Some internet research through the Energy Star website led me to a concept called home performance. Home performance assesses potential problems with moisture levels and other air quality issues, leaky ductwork and other sources of air leaks into a house, missing or inadequate insulation, improperly sized HVAC equipment, and related issues by doing home energy audits and providing the owners with a detailed report and suggested improvements. In some cases the companies can also do the work needed to fix the problems. Mike had recently received a small inheritance and was willing to use his inheritance to pay to have this work done on our house if I found a contractor. In 2005 I found a contractor who could do the audit for us and who could do some of the work the audit indicated should be done and subcontract the rest. Once all the work was completed, a drainage system and sump pump had been installed to keep the basement dry; the crawlspace under the two back bedrooms had been sealed; the ductwork had been cleaned and sealed; other air leaks into the house had been sealed; the basement ceiling, attic floor, and walls had been insulated (the attic to R-44 and the rest to the extent the cavities allowed); the moldy wallboard in the back two bedrooms had been removed and new wallboard put up; and the leaking electric water heater had been replaced with a natural gas water heater. Testing after the work was completed revealed that the rate of air infiltration into the house had been reduced by 41%, our contractor told us. My records indicate that electricity usage went from 5237 Kwh in 2004 to 3103 Kwh in 2006, a 41% decrease, while natural gas usage went from 477 to 338 Therms, a 29% decrease, in the same time period. It had been work well worth doing.

For the next few years our main efforts focused on the nonprofit organizations we were members of and in two cases on the boards of, and on continued expansion of the vegetable garden as I waited for the fruit trees to mature enough to bear fruit. While I slowly got better at vegetable growing, the lack of further progress in energy reduction and continued excessive driving to execute our various responsibilities to the organizations we belonged to were a source of some frustration to me. The frustration grew as we added another Stream Team to our list of organizations. In early 2009 we and three other people began what the Missouri Stream Team program calls a Cooperative Stream Investigation (CSI) project in our home watershed to better understand the amount and distribution of E. coli and chloride pollution in Watkins Creek and its tributaries. This entailed monthly visits from April through October to six different sites to collect water samples for E. coli analysis and to do the other chemical tests that we’d been trained to do ourselves; then we had to drive the samples across the county to the laboratory that could do the E. coli analysis because the lab had to begin that analysis within six hours of when we obtained the first sample. By this time Mike’s father had died and Mike picked up the additional responsibility of visiting his mother, who lives about six miles away, twice a week and driving her on her errands since she’d never learned to drive. Our gasoline consumption had jumped and we knew we were being pulled in too many different directions, but it took awhile until the stress built up sufficiently to jolt us into action.
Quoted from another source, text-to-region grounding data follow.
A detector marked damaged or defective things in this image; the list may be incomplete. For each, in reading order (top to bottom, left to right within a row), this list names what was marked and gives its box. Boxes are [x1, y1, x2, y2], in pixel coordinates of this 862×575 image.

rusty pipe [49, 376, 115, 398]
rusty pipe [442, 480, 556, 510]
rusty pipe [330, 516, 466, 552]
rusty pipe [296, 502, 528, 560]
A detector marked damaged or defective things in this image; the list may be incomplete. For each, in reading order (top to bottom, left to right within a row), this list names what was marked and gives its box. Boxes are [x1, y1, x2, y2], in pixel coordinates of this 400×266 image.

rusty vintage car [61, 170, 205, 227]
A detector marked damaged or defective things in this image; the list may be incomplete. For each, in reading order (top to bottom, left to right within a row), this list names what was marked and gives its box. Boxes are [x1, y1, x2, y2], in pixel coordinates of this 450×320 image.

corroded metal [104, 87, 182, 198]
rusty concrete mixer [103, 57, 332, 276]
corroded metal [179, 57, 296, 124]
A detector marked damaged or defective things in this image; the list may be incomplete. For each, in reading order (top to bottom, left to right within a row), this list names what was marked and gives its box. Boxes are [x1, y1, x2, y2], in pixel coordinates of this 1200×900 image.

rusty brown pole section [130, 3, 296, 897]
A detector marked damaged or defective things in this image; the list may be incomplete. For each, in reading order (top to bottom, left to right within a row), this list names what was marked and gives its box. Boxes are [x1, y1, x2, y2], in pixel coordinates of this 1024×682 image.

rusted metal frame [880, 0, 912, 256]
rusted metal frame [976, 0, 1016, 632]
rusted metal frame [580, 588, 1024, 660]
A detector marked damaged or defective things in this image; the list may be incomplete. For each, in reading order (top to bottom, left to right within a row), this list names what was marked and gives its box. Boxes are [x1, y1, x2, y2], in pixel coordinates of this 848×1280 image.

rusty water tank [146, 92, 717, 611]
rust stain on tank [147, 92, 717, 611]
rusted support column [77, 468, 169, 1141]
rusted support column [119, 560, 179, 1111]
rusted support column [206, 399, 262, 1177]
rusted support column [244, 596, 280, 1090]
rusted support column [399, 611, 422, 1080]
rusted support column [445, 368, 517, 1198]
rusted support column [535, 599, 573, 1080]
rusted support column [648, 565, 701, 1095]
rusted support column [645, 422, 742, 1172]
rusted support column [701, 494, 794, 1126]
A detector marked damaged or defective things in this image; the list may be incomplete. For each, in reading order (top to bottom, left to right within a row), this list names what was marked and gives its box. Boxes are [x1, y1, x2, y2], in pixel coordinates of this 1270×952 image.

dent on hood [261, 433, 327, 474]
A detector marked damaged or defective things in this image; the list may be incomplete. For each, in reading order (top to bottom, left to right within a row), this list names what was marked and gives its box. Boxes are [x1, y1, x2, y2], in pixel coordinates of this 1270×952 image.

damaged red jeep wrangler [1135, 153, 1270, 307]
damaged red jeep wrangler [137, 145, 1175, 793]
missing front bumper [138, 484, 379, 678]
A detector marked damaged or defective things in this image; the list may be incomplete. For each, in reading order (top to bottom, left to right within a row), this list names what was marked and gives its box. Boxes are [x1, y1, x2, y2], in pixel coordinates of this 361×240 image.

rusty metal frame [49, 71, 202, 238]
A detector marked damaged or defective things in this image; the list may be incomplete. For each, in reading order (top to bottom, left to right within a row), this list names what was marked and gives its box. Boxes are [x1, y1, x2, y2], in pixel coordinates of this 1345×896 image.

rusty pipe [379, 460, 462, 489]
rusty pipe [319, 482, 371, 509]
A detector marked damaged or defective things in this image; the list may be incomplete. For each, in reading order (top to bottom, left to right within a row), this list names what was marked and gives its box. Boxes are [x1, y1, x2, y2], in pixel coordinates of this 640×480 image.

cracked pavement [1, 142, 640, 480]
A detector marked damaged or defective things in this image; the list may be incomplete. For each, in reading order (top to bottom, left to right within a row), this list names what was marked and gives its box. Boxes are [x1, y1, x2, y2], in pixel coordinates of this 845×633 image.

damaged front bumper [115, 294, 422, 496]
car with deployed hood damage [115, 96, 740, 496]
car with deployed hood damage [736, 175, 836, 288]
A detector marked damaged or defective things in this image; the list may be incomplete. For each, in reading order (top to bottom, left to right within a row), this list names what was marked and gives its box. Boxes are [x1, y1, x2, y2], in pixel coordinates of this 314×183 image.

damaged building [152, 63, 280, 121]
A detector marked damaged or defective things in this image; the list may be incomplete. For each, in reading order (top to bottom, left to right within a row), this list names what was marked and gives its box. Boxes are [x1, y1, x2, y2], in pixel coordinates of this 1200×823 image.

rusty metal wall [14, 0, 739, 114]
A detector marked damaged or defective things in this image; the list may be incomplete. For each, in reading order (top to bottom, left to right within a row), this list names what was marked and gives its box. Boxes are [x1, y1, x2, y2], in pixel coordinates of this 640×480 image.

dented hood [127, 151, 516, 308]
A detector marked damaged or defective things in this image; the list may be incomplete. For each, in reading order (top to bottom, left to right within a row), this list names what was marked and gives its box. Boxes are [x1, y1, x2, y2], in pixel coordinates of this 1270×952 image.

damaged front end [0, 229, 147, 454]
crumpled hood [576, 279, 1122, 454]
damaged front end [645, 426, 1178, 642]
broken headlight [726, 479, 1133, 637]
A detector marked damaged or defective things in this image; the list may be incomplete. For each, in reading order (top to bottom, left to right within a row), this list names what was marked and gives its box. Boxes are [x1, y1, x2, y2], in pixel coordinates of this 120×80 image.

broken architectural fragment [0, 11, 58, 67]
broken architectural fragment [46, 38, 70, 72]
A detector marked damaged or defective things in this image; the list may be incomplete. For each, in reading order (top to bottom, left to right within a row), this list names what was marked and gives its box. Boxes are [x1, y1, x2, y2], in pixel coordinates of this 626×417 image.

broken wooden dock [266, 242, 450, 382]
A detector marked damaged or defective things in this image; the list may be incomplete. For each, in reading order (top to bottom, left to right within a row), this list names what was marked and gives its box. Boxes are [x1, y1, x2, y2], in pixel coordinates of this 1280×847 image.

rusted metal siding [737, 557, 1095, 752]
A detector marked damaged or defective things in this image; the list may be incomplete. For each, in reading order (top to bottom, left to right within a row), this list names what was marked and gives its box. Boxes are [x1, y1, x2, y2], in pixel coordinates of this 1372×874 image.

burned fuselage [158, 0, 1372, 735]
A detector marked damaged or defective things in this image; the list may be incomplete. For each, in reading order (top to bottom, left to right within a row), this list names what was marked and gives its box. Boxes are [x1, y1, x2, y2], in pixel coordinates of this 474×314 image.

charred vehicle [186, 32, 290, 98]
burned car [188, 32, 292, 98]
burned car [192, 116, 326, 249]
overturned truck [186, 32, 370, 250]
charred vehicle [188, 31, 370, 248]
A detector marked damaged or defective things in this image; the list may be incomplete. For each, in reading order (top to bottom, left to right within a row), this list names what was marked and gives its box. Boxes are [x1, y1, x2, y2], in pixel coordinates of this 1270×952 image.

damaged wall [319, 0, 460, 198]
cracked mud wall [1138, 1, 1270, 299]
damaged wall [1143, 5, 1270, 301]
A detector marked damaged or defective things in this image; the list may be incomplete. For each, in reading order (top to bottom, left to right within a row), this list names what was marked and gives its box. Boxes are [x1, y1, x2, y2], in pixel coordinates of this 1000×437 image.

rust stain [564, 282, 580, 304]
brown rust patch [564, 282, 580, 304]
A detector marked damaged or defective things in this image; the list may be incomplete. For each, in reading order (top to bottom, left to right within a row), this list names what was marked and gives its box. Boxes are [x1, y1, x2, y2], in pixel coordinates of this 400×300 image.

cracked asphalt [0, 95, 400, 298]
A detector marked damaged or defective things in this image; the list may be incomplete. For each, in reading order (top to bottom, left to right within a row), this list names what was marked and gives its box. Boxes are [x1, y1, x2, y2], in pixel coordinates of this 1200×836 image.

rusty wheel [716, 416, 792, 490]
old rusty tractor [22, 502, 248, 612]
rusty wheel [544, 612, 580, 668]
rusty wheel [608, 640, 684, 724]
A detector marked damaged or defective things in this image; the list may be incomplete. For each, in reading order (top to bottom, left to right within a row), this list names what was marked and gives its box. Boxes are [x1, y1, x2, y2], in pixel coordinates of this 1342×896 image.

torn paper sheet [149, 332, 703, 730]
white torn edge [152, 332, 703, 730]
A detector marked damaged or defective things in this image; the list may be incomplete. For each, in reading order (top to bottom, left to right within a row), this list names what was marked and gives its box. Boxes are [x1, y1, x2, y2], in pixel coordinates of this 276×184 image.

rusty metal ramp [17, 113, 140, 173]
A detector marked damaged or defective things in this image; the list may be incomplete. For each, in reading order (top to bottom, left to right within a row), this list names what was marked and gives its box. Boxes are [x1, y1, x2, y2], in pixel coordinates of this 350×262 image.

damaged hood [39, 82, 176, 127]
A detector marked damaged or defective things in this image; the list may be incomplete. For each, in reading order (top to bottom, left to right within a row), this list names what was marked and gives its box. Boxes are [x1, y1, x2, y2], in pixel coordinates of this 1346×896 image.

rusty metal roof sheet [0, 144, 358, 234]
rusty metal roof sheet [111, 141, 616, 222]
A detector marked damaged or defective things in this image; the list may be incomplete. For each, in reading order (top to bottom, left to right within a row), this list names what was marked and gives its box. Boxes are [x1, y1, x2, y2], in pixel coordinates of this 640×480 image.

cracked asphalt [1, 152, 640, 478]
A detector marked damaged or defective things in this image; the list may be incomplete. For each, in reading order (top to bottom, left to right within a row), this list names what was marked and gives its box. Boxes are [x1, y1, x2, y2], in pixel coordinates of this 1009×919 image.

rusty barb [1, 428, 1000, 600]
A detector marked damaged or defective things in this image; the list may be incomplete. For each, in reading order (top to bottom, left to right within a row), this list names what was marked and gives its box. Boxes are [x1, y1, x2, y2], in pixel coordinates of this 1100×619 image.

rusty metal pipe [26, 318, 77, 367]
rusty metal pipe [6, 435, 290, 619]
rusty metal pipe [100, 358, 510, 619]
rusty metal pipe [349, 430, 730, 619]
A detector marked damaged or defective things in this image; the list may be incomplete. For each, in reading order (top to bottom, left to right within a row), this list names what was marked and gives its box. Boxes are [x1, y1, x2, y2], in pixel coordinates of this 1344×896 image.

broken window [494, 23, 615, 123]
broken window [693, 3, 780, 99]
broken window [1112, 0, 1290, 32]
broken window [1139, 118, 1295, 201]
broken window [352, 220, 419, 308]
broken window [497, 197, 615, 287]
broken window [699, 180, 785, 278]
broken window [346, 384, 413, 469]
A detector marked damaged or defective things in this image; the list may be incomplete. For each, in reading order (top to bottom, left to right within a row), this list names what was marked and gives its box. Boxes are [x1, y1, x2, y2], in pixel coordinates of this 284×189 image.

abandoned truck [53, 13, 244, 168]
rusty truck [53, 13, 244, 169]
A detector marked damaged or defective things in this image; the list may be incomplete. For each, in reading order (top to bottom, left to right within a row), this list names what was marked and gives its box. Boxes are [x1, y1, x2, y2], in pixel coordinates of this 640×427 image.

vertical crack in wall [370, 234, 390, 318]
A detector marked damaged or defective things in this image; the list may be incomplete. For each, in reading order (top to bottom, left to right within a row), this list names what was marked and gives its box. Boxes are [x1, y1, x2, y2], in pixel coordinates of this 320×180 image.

Another PCA book review led me to Sharon Astyk’s first book, Depletion and Abundance, in 2008, but it wasn’t until we upgraded our computer to a slightly less obsolete model that could handle Mac OS X that I could read her blog. Reading her book and blog got me interested in trying to achieve the 90% reduction in average U.S. usage that was the goal of her Riot for Austerity project, discussed in that book. For us that meant reducing monthly electrical use from about 233 Kwh to 90 Kwh and reducing yearly natural gas usage from about 377 Therms to about 100 Therms. And those were the easier targets ... we were so far above the Riot gasoline target of 50 gallons per person per year it wasn’t funny. I didn’t see how we could reduce our usage any farther in any of these categories. Meanwhile, now that the vegetable garden was over 1000 square feet in size I found I didn’t have enough time to properly care for it and still execute my responsibilities toward the groups I was involved with and the two bands we now played in. Once the work started on our Zen center’s major fundraiser in the summer of 2009, a fundraiser for which I had taken on the overall organizational responsibility for the past several years, I knew something had to change; I was stressed out to the point of it affecting my health. I’d enrolled in Astyk’s online Adapting in Place course during that time, hoping that I’d learn something to help us further reduce energy use. But instead I learned that our first goal had to be prioritizing our responsibilities. Until we did that, no further progress in energy reduction or reducing the complexity of our lives would be possible. Over the next two months we dropped out of the food co-op we had belonged to for 14 years (it was too far away and took up too much of Mike’s time) and the Dances of Universal Peace band. In 2010 I dropped the farther away Stream Team in order to concentrate on the CSI project on our home stream, a project which continued through last October. In early 2012 I resigned from our Zen center’s board and we reduced our attendance there from once a week to once a month. With these changes our lives came into better balance.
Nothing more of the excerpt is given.